Этими словами заканчивался дневник.
   По обильным следам слез видно было, как часто Горбунья разражалась рыданиями… Только под утро спрятала она, надломленная столькими волнениями, свою тетрадь в потайное место. Она полагала, что здесь тетрадь будет находиться не столько в безопасности (она никого не могла заподозрить в малейшем злоупотреблении доверием), но просто менее на виду, чем в одном из ящиков письменного стола, который Горбунья часто открывала при посторонних.
   Мужественная девушка, как и обещала, желая честно выполнить свой долг до конца, подождала на другой день прихода Агриколя и, укрепившись в своем героическом решении, отправилась с кузнецом на фабрику господина Гарди.
   Флорина, зная об уходе Горбуньи, но задержавшись у мадемуазель де Кардовилль в течение большей части дня, предпочла дождаться ночи, чтобы выполнить новый приказ, который она испросила и получила после того, как уведомила письмом о содержании дневника Горбуньи. Убежденная, что ее никто не застигнет, Флорина вошла в комнату молодой работницы, уже когда наступила ночь… Зная место, где находилась рукопись, она прямо пошла к письменному столу, выдвинула ящик и, доставая из кармана запечатанное письмо, приготовилась положить его на место рукописи, которую она должна была похитить. Но в этот момент она так сильно задрожала, что должна была опереться на стол.

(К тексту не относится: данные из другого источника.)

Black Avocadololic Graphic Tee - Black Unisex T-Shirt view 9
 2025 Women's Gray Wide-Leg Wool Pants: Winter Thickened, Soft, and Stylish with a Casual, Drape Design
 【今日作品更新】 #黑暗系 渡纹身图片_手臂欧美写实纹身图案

   Как мы уже говорили, во Флорине не совсем угасли добрые чувства. Исполняя приказы, она сознавала всю низость своих поступков и глубоко страдала от этого… Если бы речь шла о ней лично, она бы скорее решилась на все, чтобы избавиться от ужасной подчиненности… но, к несчастью, ее гибель нанесла бы смертельный удар существу, которое ей было дороже жизни… И она с жестоким отчаянием в душе совершала самые гнусные и коварные предательства. Так и теперь, не зная цели своего поступка, она чувствовала, что замена рукописи этим запечатанным письмом будет иметь роковые последствия для Горбуньи потому, что она помнила мрачные слова Родена: «С Горбуньей надо завтра же кончить!» Она не знала, каким путем он этого добьется, но чувствовала, что проницательная преданность Горбуньи интересам мадемуазель де Кардовилль грозила опасностью врагам Адриенны. Она боялась, что молодая девушка откроет когда-нибудь и ее измену. Последнее опасение победило колебания Флорины; она положила письмо за ящик, спрятала рукопись в карман и незаметно удалилась из комнаты.

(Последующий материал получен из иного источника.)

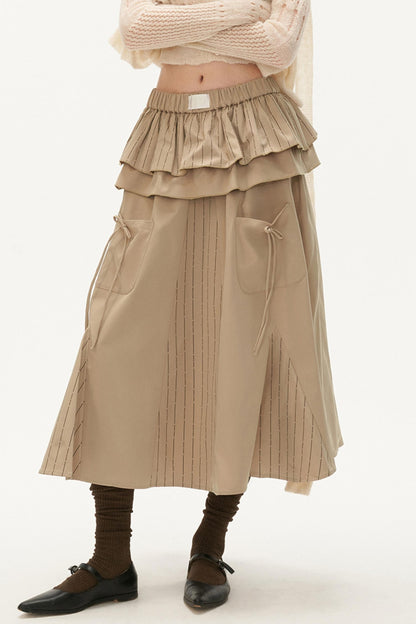 Temperament Khaki Blue Fashion Skirt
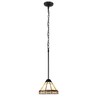 Chloe Lighting Belle Mission-Style 1 Light Blackish-Bronze Finish Mini Pendant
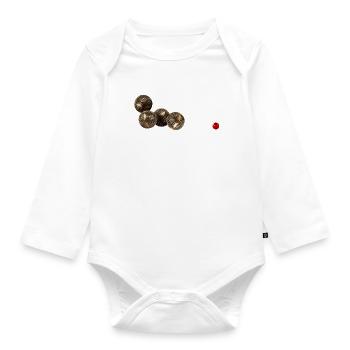 Petanque ball game - Organic Longsleeve Baby Bodysuit - white - Front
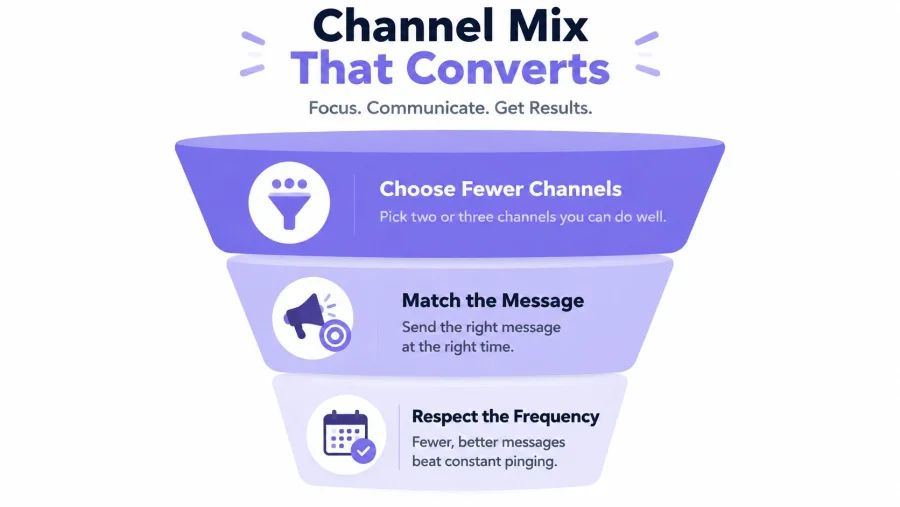 Infograf&iacute;a de embudo de marketing que ilustra una estrategia de engagement de clientes mediante el enfoque de canales, los mensajes y la gesti&oacute;n de la frecuencia.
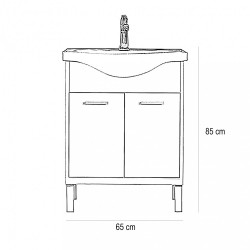 Nerva 65 cm-es butorhoz alsószekrény, mosdóval, Sonoma tölgy Mosdószekrény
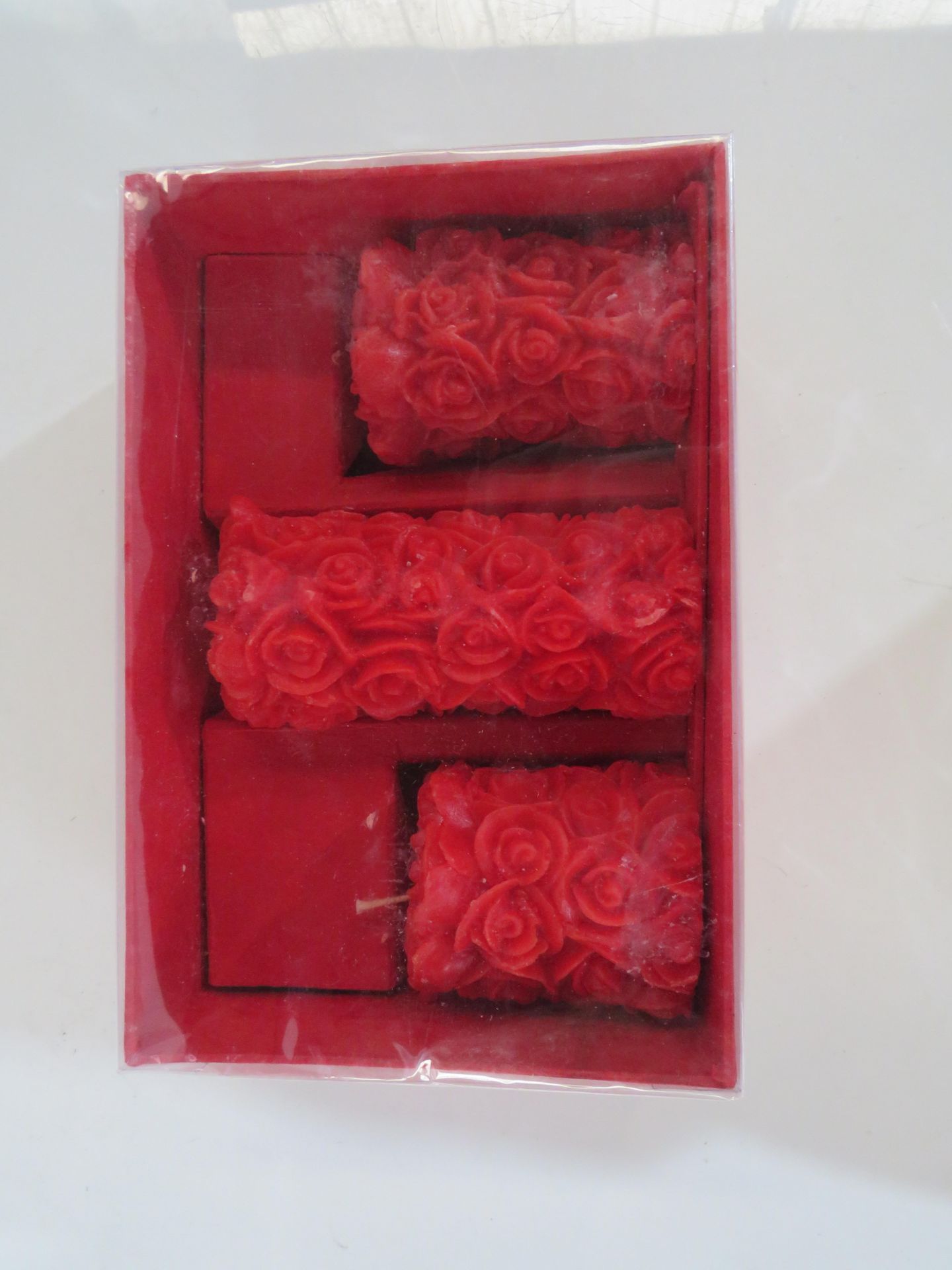 Set of 3 Red Rose Pillar Candles - New & Packaged.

12. ПРОДОЛЖЕНИЕ ДНЕВНИКА ГОРБУНЬИ

   Флорина, оставшись одна в своей комнате, несколько времени спустя после похищения рукописи вздумала из любопытства ее проглядеть. Читая задушевные, тайные мысли Горбуньи, молодая девушка почувствовала невольный интерес и волнение Среди множества стихотворений, проникнутых страстной любовью к Агриколю, такой глубокой, наивной и искренней любовью, что Флорина была глубоко ею тронута и забыла даже о смешном уродстве Горбуньи, находилось много других отрывков, рассказов и мыслей, которые произвели на Флорину потрясающее впечатление. Мы поместим здесь некоторые из них, чтобы волнение Флорины стало понятно читателю.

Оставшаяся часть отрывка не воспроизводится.